* **Instructions to follow**
All of the data must be printed exactly; please include every line.

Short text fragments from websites
═══
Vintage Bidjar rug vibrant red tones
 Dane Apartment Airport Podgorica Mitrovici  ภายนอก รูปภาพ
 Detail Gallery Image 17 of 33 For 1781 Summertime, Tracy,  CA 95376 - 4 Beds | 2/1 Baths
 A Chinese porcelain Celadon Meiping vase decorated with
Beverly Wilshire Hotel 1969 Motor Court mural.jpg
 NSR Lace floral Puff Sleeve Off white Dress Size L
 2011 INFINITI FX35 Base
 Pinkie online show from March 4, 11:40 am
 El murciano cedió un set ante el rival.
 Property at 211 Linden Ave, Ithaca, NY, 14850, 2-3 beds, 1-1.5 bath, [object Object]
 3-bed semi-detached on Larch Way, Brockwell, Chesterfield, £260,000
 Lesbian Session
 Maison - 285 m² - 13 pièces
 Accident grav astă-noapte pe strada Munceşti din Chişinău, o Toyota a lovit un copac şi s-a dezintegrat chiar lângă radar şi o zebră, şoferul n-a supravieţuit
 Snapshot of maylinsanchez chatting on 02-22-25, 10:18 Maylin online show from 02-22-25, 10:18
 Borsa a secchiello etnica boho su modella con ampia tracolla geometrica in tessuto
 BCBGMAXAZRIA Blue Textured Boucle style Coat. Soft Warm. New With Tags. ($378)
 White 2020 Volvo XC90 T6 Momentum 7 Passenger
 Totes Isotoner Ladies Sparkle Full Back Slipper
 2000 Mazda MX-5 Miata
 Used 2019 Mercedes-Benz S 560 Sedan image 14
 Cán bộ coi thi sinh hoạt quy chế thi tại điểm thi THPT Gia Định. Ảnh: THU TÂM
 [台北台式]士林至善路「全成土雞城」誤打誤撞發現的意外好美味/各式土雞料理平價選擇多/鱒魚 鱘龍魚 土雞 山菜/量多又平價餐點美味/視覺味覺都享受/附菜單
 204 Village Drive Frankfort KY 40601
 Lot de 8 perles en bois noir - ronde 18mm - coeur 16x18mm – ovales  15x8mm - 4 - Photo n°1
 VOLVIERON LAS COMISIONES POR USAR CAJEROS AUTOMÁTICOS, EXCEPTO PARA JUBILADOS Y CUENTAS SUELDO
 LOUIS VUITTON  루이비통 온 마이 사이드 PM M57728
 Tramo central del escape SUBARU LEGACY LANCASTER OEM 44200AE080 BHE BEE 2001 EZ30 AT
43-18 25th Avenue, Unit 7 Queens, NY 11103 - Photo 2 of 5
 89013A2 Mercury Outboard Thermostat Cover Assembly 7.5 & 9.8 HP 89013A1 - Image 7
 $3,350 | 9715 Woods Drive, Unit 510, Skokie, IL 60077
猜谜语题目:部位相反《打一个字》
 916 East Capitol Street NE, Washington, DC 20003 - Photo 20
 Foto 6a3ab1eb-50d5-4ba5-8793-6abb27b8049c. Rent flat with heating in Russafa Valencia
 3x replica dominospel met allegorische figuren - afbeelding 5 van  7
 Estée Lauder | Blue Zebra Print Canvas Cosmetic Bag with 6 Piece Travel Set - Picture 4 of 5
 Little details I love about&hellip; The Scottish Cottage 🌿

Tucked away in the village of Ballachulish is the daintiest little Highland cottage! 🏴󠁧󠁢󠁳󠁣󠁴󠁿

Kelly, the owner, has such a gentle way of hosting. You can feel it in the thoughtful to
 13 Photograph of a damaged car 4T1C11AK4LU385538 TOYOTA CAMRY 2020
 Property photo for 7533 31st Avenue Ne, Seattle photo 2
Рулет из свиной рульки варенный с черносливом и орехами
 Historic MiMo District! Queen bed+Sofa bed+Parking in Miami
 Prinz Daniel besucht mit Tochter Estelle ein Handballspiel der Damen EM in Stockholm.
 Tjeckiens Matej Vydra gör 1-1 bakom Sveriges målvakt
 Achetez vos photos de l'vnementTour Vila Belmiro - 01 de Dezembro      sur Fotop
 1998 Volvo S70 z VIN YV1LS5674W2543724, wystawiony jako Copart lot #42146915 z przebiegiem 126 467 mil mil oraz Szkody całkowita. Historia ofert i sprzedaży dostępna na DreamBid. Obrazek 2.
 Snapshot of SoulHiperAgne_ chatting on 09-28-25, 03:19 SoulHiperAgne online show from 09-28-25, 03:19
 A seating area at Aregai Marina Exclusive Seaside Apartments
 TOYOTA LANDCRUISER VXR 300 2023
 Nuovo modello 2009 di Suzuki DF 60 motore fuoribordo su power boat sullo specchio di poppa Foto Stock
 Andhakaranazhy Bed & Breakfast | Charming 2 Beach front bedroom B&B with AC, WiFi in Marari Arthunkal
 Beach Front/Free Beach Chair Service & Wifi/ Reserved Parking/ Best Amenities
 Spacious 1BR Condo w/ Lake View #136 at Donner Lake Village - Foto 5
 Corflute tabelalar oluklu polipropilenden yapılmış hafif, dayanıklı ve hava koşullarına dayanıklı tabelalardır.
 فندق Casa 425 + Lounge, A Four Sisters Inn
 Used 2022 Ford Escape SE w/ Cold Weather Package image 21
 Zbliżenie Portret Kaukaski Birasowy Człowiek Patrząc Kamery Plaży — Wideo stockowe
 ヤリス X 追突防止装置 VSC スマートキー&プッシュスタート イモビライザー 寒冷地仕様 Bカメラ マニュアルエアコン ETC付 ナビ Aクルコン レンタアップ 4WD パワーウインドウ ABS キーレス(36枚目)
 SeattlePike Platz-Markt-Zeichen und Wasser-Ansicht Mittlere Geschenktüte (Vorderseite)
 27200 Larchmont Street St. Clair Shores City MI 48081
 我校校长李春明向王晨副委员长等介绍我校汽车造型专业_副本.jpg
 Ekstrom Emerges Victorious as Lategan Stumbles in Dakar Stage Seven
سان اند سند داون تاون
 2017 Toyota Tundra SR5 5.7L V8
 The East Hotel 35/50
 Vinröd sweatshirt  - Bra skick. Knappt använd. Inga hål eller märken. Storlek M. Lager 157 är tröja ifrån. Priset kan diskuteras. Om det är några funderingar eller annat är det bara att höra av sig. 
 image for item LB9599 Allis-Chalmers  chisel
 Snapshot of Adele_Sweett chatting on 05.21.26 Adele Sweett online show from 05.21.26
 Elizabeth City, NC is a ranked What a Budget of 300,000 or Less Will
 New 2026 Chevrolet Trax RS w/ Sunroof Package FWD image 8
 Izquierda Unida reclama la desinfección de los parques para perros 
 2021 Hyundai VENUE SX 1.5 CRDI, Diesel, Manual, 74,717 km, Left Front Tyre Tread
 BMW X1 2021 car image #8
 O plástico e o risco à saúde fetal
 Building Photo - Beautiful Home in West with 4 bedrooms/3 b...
═══
* **Output of the exercise**
Vintage Bidjar rug vibrant red tones
 Dane Apartment Airport Podgorica Mitrovici  ภายนอก รูปภาพ
 Detail Gallery Image 17 of 33 For 1781 Summertime, Tracy,  CA 95376 - 4 Beds | 2/1 Baths
 A Chinese porcelain Celadon Meiping vase decorated with
Beverly Wilshire Hotel 1969 Motor Court mural.jpg
 NSR Lace floral Puff Sleeve Off white Dress Size L
 2011 INFINITI FX35 Base
 Pinkie online show from March 4, 11:40 am
 El murciano cedió un set ante el rival.
 Property at 211 Linden Ave, Ithaca, NY, 14850, 2-3 beds, 1-1.5 bath, [object Object]
 3-bed semi-detached on Larch Way, Brockwell, Chesterfield, £260,000
 Lesbian Session
 Maison - 285 m² - 13 pièces
 Accident grav astă-noapte pe strada Munceşti din Chişinău, o Toyota a lovit un copac şi s-a dezintegrat chiar lângă radar şi o zebră, şoferul n-a supravieţuit
 Snapshot of maylinsanchez chatting on 02-22-25, 10:18 Maylin online show from 02-22-25, 10:18
 Borsa a secchiello etnica boho su modella con ampia tracolla geometrica in tessuto
 BCBGMAXAZRIA Blue Textured Boucle style Coat. Soft Warm. New With Tags. ($378)
 White 2020 Volvo XC90 T6 Momentum 7 Passenger
 Totes Isotoner Ladies Sparkle Full Back Slipper
 2000 Mazda MX-5 Miata
 Used 2019 Mercedes-Benz S 560 Sedan image 14
 Cán bộ coi thi sinh hoạt quy chế thi tại điểm thi THPT Gia Định. Ảnh: THU TÂM
 [台北台式]士林至善路「全成土雞城」誤打誤撞發現的意外好美味/各式土雞料理平價選擇多/鱒魚 鱘龍魚 土雞 山菜/量多又平價餐點美味/視覺味覺都享受/附菜單
 204 Village Drive Frankfort KY 40601
 Lot de 8 perles en bois noir - ronde 18mm - coeur 16x18mm – ovales  15x8mm - 4 - Photo n°1
 VOLVIERON LAS COMISIONES POR USAR CAJEROS AUTOMÁTICOS, EXCEPTO PARA JUBILADOS Y CUENTAS SUELDO
 LOUIS VUITTON  루이비통 온 마이 사이드 PM M57728
 Tramo central del escape SUBARU LEGACY LANCASTER OEM 44200AE080 BHE BEE 2001 EZ30 AT
43-18 25th Avenue, Unit 7 Queens, NY 11103 - Photo 2 of 5
 89013A2 Mercury Outboard Thermostat Cover Assembly 7.5 & 9.8 HP 89013A1 - Image 7
 $3,350 | 9715 Woods Drive, Unit 510, Skokie, IL 60077
猜谜语题目:部位相反《打一个字》
 916 East Capitol Street NE, Washington, DC 20003 - Photo 20
 Foto 6a3ab1eb-50d5-4ba5-8793-6abb27b8049c. Rent flat with heating in Russafa Valencia
 3x replica dominospel met allegorische figuren - afbeelding 5 van  7
 Estée Lauder | Blue Zebra Print Canvas Cosmetic Bag with 6 Piece Travel Set - Picture 4 of 5
 Little details I love about&hellip; The Scottish Cottage 🌿

Tucked away in the village of Ballachulish is the daintiest little Highland cottage! 🏴󠁧󠁢󠁳󠁣󠁴󠁿

Kelly, the owner, has such a gentle way of hosting. You can feel it in the thoughtful to
 13 Photograph of a damaged car 4T1C11AK4LU385538 TOYOTA CAMRY 2020
 Property photo for 7533 31st Avenue Ne, Seattle photo 2
Рулет из свиной рульки варенный с черносливом и орехами
 Historic MiMo District! Queen bed+Sofa bed+Parking in Miami
 Prinz Daniel besucht mit Tochter Estelle ein Handballspiel der Damen EM in Stockholm.
 Tjeckiens Matej Vydra gör 1-1 bakom Sveriges målvakt
 Achetez vos photos de l'vnementTour Vila Belmiro - 01 de Dezembro      sur Fotop
 1998 Volvo S70 z VIN YV1LS5674W2543724, wystawiony jako Copart lot #42146915 z przebiegiem 126 467 mil mil oraz Szkody całkowita. Historia ofert i sprzedaży dostępna na DreamBid. Obrazek 2.
 Snapshot of SoulHiperAgne_ chatting on 09-28-25, 03:19 SoulHiperAgne online show from 09-28-25, 03:19
 A seating area at Aregai Marina Exclusive Seaside Apartments
 TOYOTA LANDCRUISER VXR 300 2023
 Nuovo modello 2009 di Suzuki DF 60 motore fuoribordo su power boat sullo specchio di poppa Foto Stock
 Andhakaranazhy Bed & Breakfast | Charming 2 Beach front bedroom B&B with AC, WiFi in Marari Arthunkal
 Beach Front/Free Beach Chair Service & Wifi/ Reserved Parking/ Best Amenities
 Spacious 1BR Condo w/ Lake View #136 at Donner Lake Village - Foto 5
 Corflute tabelalar oluklu polipropilenden yapılmış hafif, dayanıklı ve hava koşullarına dayanıklı tabelalardır.
 فندق Casa 425 + Lounge, A Four Sisters Inn
 Used 2022 Ford Escape SE w/ Cold Weather Package image 21
 Zbliżenie Portret Kaukaski Birasowy Człowiek Patrząc Kamery Plaży — Wideo stockowe
 ヤリス X 追突防止装置 VSC スマートキー&プッシュスタート イモビライザー 寒冷地仕様 Bカメラ マニュアルエアコン ETC付 ナビ Aクルコン レンタアップ 4WD パワーウインドウ ABS キーレス(36枚目)
 SeattlePike Platz-Markt-Zeichen und Wasser-Ansicht Mittlere Geschenktüte (Vorderseite)
 27200 Larchmont Street St. Clair Shores City MI 48081
 我校校长李春明向王晨副委员长等介绍我校汽车造型专业_副本.jpg
 Ekstrom Emerges Victorious as Lategan Stumbles in Dakar Stage Seven
سان اند سند داون تاون
 2017 Toyota Tundra SR5 5.7L V8
 The East Hotel 35/50
 Vinröd sweatshirt  - Bra skick. Knappt använd. Inga hål eller märken. Storlek M. Lager 157 är tröja ifrån. Priset kan diskuteras. Om det är några funderingar eller annat är det bara att höra av sig. 
 image for item LB9599 Allis-Chalmers  chisel
 Snapshot of Adele_Sweett chatting on 05.21.26 Adele Sweett online show from 05.21.26
 Elizabeth City, NC is a ranked What a Budget of 300,000 or Less Will
 New 2026 Chevrolet Trax RS w/ Sunroof Package FWD image 8
 Izquierda Unida reclama la desinfección de los parques para perros 
 2021 Hyundai VENUE SX 1.5 CRDI, Diesel, Manual, 74,717 km, Left Front Tyre Tread
 BMW X1 2021 car image #8
 O plástico e o risco à saúde fetal
 Building Photo - Beautiful Home in West with 4 bedrooms/3 b...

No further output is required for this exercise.